5.String manipulation

This is not exactly Awk specific, but it is helpful to know how one can manipulate string fields.

Quite often, you have files with such names, that are alphabetically ordered and it is a bit tricky to put them in order again. Lets assume we have the following data in a file. The lines contain filenames that have common pattern and number that we are interested. Let's "extract" the alternating number i.e 1, 10, 123, ...

names.dat
H2O-1_1.res
H2O-1_10.res
H2O-1_123.res
H2O-1_21.res
H2O-1_44.res
H2O-1_5.res
H2O-1_7.res


One possible way, is by removing the pattern that remains unchanged. (BASH can do it as well, way easier with the file names than the lines in a file)

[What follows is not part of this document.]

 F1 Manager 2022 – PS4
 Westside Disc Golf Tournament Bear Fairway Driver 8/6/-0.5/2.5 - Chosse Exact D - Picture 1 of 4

$awk '{ gsub( "H2O-1_|.res", "" ,$1); print $1 }' names.dat  This is my preferred way, since it is rather easy to understand and modify. Another way, could be by using backreferences the way sed will do it. $ awk '{ print gensub(/H2O-1_(.*).res/,"\\1","g")}' names.dat


How about we fix the annoyance with the alphabetic sort by replacing 1 with 001, 5 with 005, 10 -> 010, etc.

$awk '{ gsub("H2O-1_|.res","",$1); printf("H2O-1_%03g.res\n", \$1) }' names.dat


H2O-1_001.res
H2O-1_010.res
H2O-1_123.res
H2O-1_021.res
H2O-1_044.res
H2O-1_005.res
H2O-1_007.res


Now one can pipe to sort and get them sorted. You can sort them in awk as well but the OVERHEAD does not worth the effort.

Have a look on other string manipulation functions in awk.
printf function is pretty much the same as in many other languages.